Il cardinale ha celebrato insieme all’arcivescovo maggiore, il cardinale Lucian Mureşan, al nunzio Miguel Maury Buendia, ai vescovi del sinodo e a più di cento sacerdoti. A loro e alla nutritissima assemblea di fedeli, nell’omelia ha ricordato gli anni delle persecuzioni e delle prigionie nei quali, nonostante l’oppressione del regime, «l’amata Chiesa greco-cattolica romena» è rimasta fedele a Dio e alla comunione con il successore di Pietro.
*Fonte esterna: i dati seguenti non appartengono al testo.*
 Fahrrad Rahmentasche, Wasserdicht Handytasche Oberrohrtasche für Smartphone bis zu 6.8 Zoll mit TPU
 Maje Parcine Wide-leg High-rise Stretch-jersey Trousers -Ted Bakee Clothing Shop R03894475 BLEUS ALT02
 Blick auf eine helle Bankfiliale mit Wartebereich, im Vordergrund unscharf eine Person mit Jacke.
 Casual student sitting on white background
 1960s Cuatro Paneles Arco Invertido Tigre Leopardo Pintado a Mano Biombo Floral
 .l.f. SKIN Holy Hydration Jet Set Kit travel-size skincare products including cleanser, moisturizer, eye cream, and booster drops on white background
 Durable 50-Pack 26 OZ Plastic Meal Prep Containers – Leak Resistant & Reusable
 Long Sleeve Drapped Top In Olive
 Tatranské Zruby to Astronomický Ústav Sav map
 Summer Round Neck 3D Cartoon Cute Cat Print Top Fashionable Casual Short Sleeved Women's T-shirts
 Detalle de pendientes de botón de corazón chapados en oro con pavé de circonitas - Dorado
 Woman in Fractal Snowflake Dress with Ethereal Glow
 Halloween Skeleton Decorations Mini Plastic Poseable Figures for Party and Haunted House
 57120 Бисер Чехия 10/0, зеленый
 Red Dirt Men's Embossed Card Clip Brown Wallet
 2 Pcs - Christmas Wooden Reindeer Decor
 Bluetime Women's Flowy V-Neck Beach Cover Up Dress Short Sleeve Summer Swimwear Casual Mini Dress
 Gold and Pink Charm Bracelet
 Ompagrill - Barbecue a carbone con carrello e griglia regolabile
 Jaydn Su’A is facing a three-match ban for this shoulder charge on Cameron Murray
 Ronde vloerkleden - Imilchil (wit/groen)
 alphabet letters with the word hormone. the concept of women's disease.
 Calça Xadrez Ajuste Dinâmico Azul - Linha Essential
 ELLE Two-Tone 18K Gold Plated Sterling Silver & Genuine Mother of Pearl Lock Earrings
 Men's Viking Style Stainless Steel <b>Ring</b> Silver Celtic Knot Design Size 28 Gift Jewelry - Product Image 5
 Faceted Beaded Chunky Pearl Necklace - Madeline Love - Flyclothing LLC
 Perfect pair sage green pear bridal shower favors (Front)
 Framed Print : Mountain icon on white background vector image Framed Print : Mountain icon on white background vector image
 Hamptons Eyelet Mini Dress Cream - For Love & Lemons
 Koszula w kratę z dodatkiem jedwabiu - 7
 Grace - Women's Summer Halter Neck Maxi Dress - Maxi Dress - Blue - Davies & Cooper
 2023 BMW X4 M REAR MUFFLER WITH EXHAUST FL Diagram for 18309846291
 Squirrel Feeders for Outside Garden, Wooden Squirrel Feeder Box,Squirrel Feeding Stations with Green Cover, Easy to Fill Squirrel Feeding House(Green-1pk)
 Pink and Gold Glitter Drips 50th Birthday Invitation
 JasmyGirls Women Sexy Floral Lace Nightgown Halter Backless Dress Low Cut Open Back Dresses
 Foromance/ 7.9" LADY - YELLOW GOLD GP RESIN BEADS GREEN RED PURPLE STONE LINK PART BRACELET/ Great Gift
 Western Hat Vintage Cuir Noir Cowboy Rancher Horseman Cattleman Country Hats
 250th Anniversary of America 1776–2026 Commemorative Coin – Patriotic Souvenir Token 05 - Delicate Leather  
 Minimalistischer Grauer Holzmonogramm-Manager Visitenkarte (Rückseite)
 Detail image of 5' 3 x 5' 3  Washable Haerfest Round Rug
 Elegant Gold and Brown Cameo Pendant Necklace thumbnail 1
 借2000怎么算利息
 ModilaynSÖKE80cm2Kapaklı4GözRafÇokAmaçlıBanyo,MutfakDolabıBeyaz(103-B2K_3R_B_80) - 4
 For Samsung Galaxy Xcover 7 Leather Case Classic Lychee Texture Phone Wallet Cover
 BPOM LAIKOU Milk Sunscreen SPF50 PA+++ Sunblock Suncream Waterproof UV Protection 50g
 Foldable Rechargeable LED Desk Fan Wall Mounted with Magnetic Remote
La «debolezza umana» è stata «riempita dalla grazia». È proprio sulle orme dei martiri, ha detto, che si costruisce il futuro, che si diviene «segni dell’amore di Dio nel mondo».

Rispondendo, poi, alle parole di benvenuto e di augurio del cardinale Mureşan, il prefetto ha portato ai presenti «il saluto, l’incoraggiamento e la benedizione» del Papa: «egli — ha aggiunto — conosce il vostro desiderio ardente di poterlo presto abbracciare in queste terre e spera che arrivi il giorno perché esso si compia». Ha quindi fatto dono all’arcivescovo maggiore della medaglia del quinto anno di pontificato di Francesco, nella quale si richiama il tema dell’accoglienza dei migranti e dei rifugiati, una realtà che coinvolge anche milioni di romeni in Europa e nel mondo.

Il cardinale era arrivato a Blaj, capitale spirituale della Chiesa greco-cattolica romena, il giorno precedente. Qui, in mattinata, aveva partecipato a una riunione straordinaria tenuta per l’occasione dal sinodo dei vescovi.